## Exercise input
——————

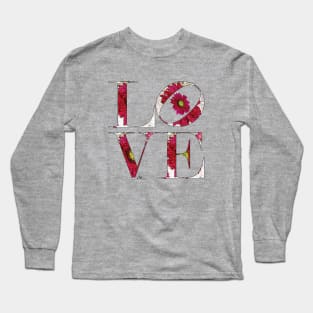LOVE Letters November Birth Month Chrysanthemum Long Sleeve T-Shirt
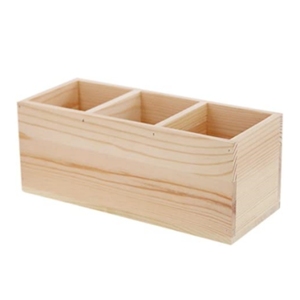Custom Office Desk <strong>Storage</strong> Organizer Pen Holder <strong>Storage</strong> Stand Organizer <strong>Box</strong> Custom Size 3 Grid Solid <strong>Wood</strong> <strong>Box</strong> with Dividers - Product Image 6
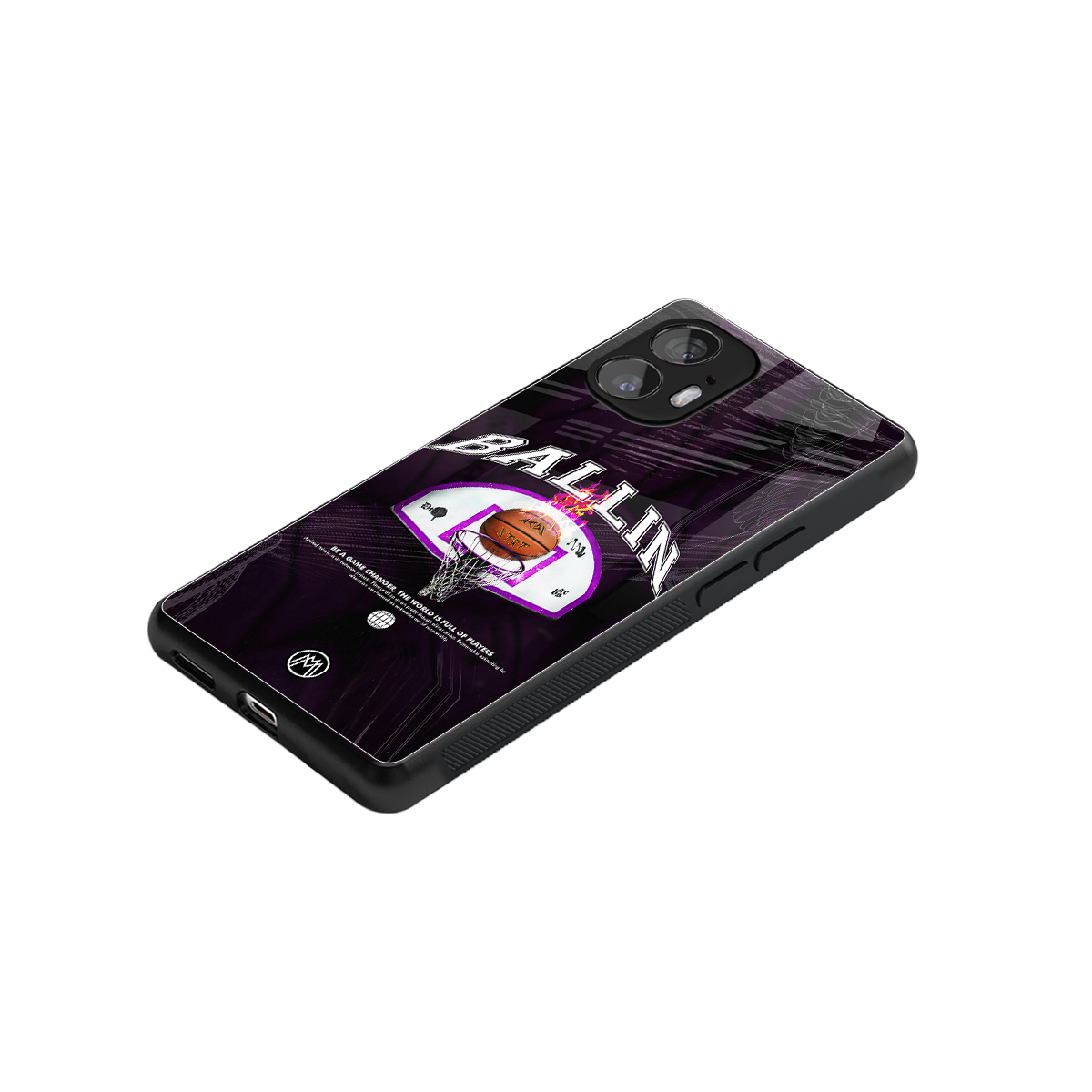 ballin back phone cover | glass case for nothing phone 2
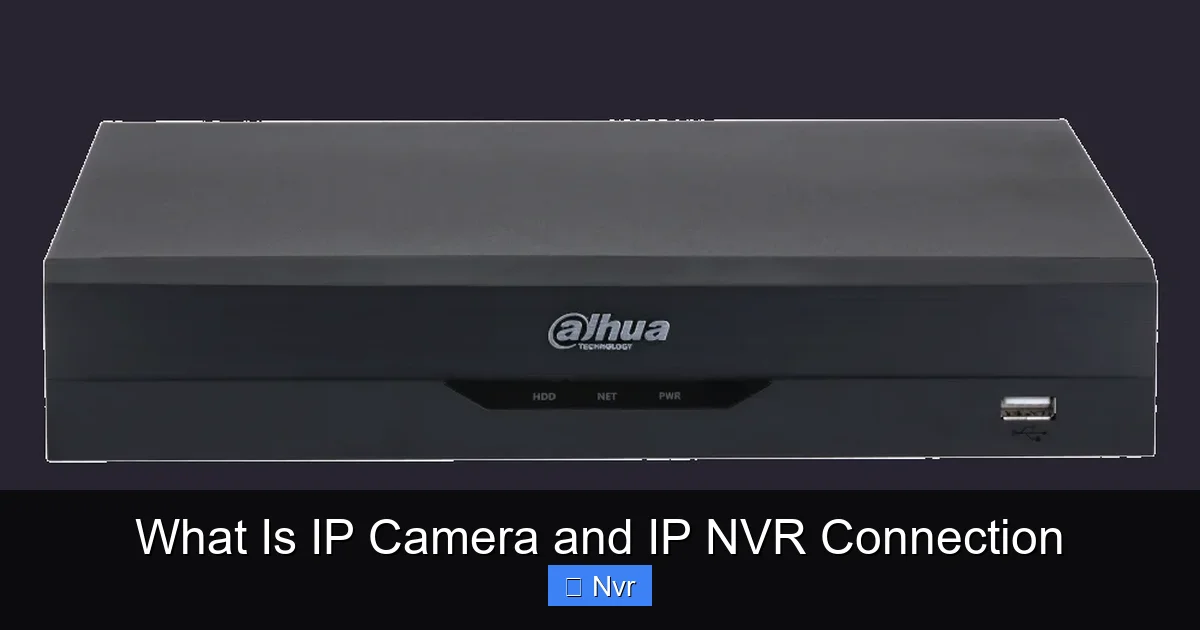 What Is IP Camera and IP NVR Connection - content2 visual guide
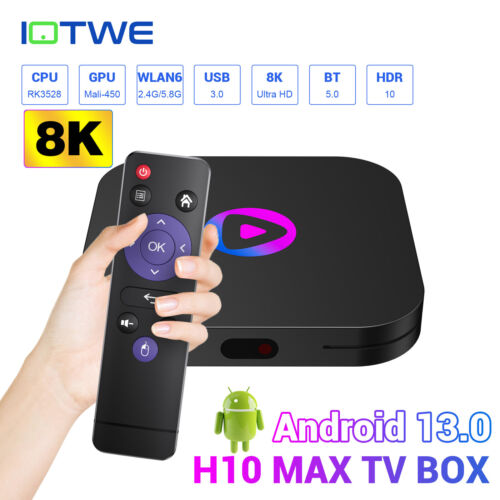 2024 Smart TV BOX 128GB 4GB Android 13.0 WIFI6 Netzwerk Media Player Quad Core - Bild 1 von 42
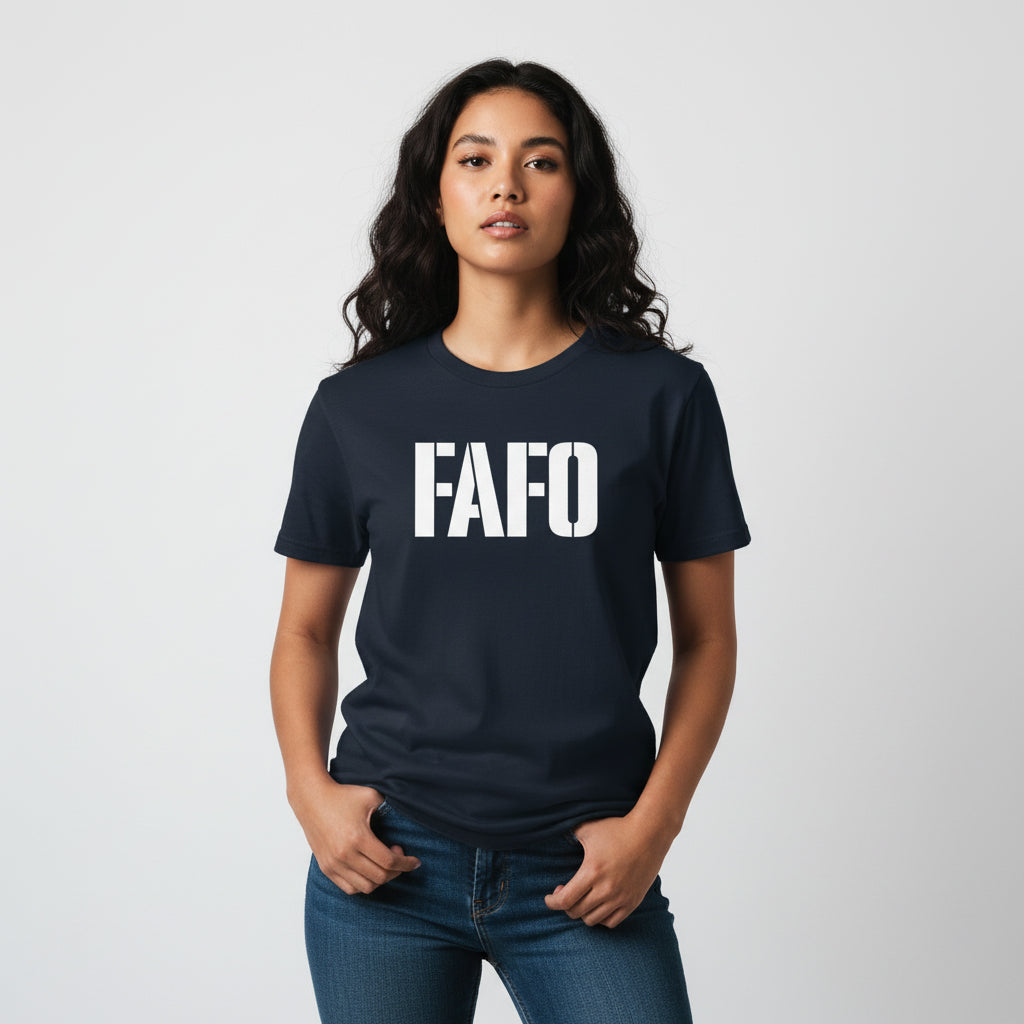FAFO Slogan T-Shirt – Funny Meme Graphic, Unisex, Soft Cotton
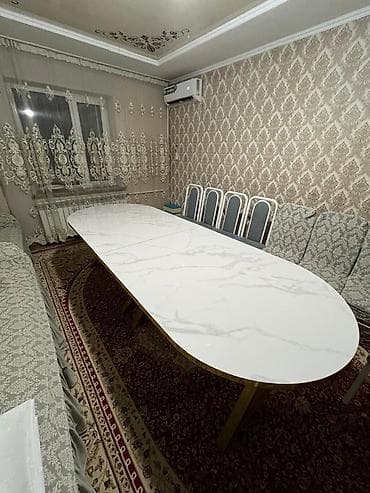 Стол для зала, Новый, Не раскладной, Овальная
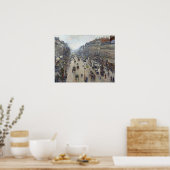 Camille Pissarro Boulevard Montmartre, Morning Poster (Keuken)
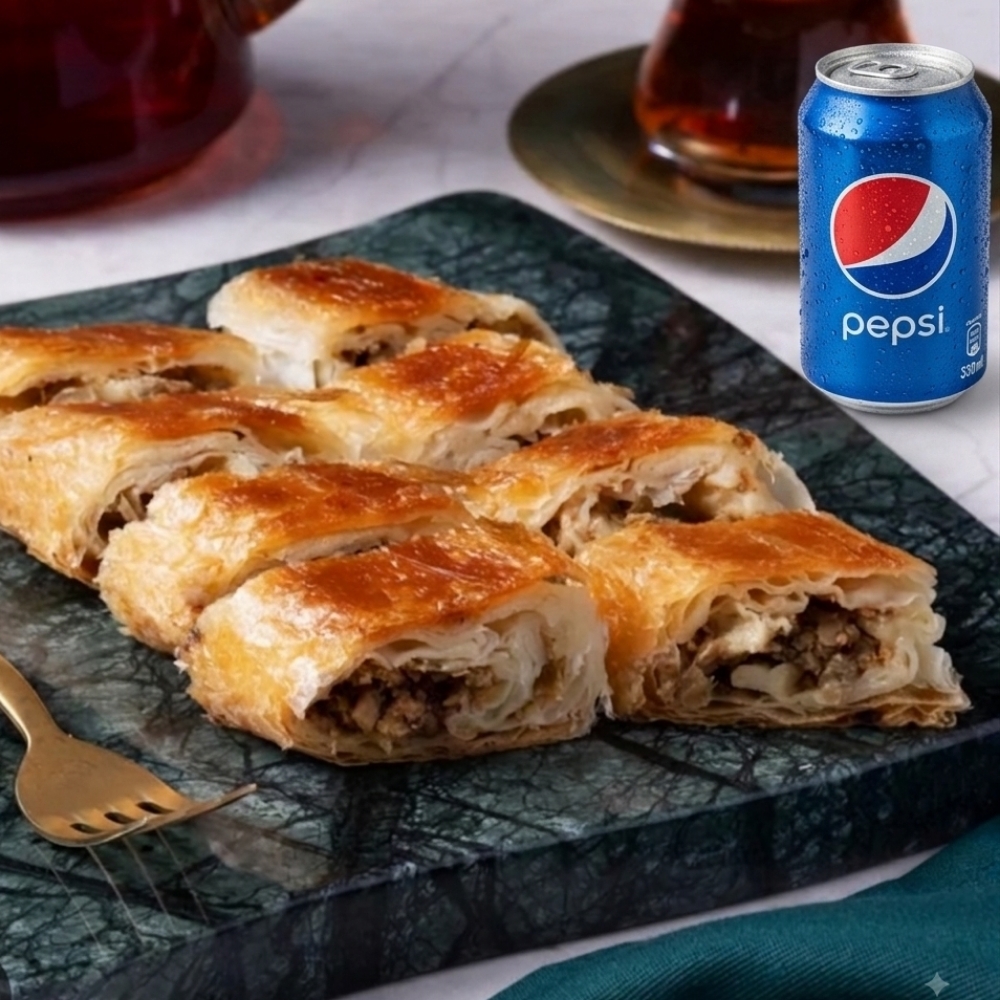Peynirli Börek + İçecek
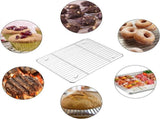 1Pack Kitchen Baking Rack,QZS Small Cooking Rack,Nonstick Wire Grill Net,Stainless Steel Roasting V1189-WXFWAL-20260319-00180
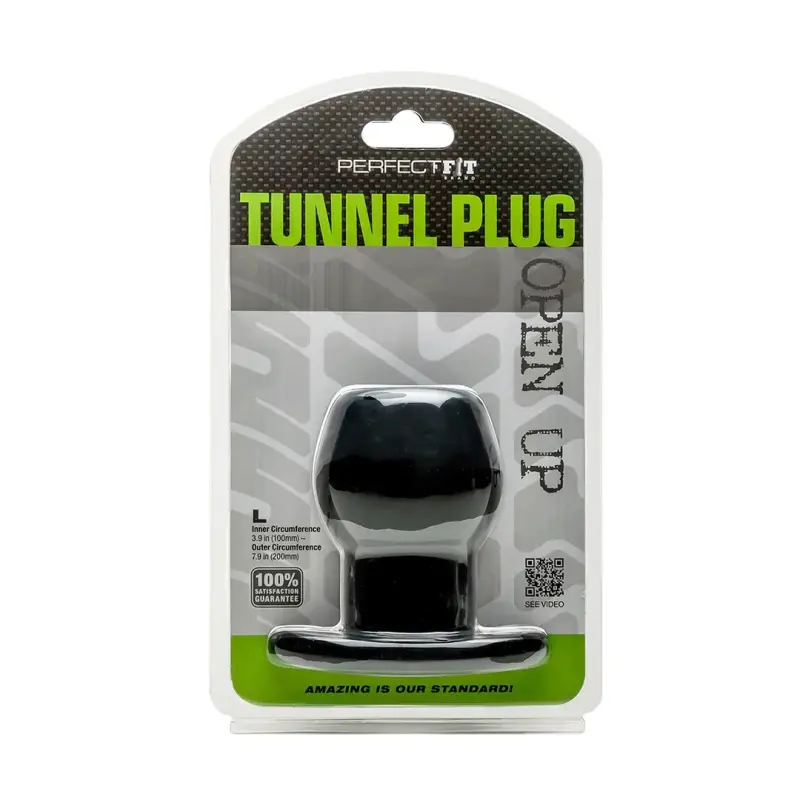 Plug anal creux Perfect Fit, canal traversant, 3 tailles | Dark-Ink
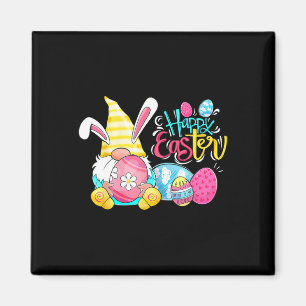 Gnome Påskägg Hunt Gnomes Bunny Glad påsk Da Magnet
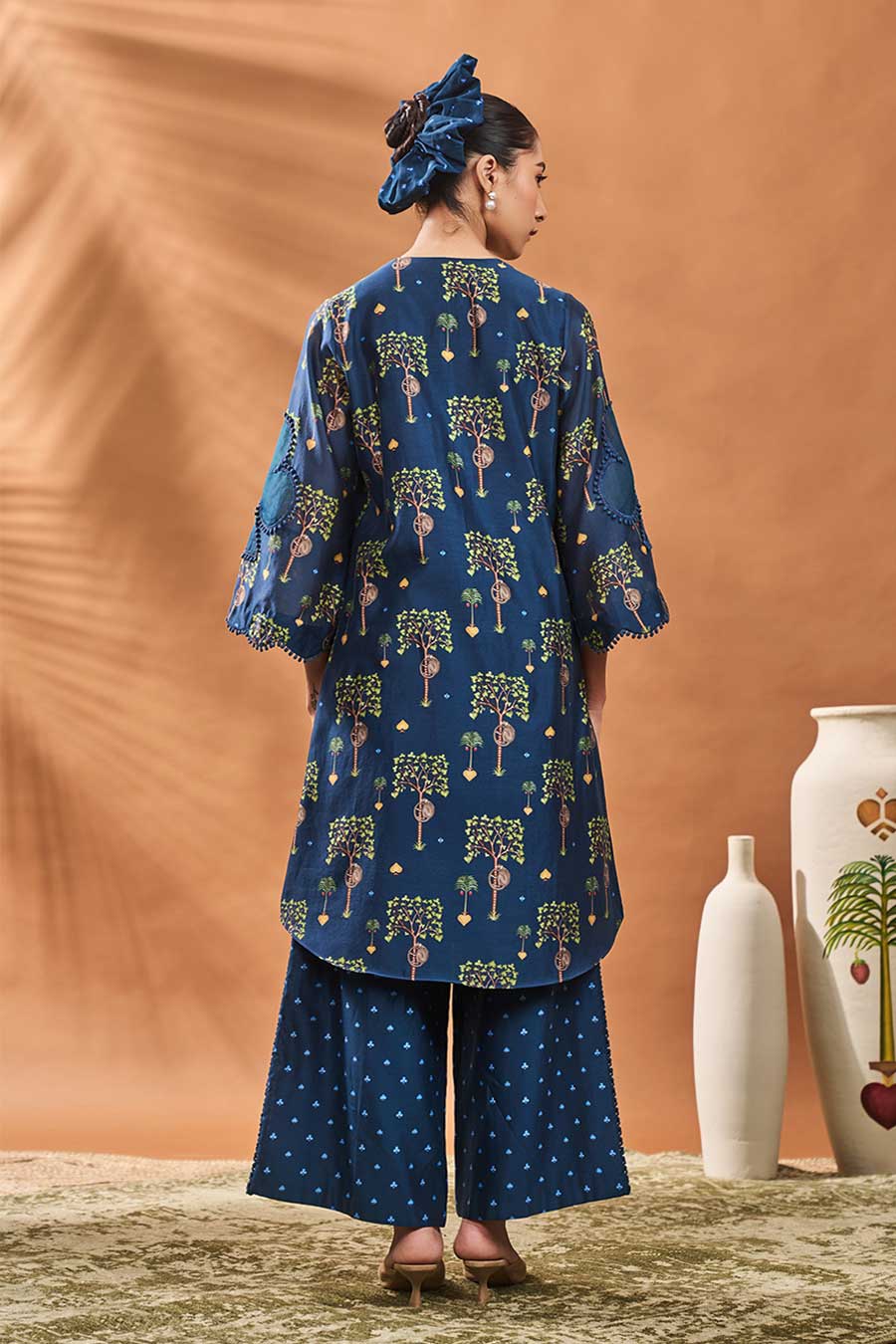 Indigo Wildscape Tunic & Pant Set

——————

## Instructions for the task
In the entries above, find the line containing "ballin back phone" and the line containing "2024 Smart TV", then copy both and every line between them exactly, without any picture.

## Exercise solution
 ballin back phone cover | glass case for nothing phone 2
 What Is IP Camera and IP NVR Connection - content2 visual guide
 2024 Smart TV BOX 128GB 4GB Android 13.0 WIFI6 Netzwerk Media Player Quad Core - Bild 1 von 42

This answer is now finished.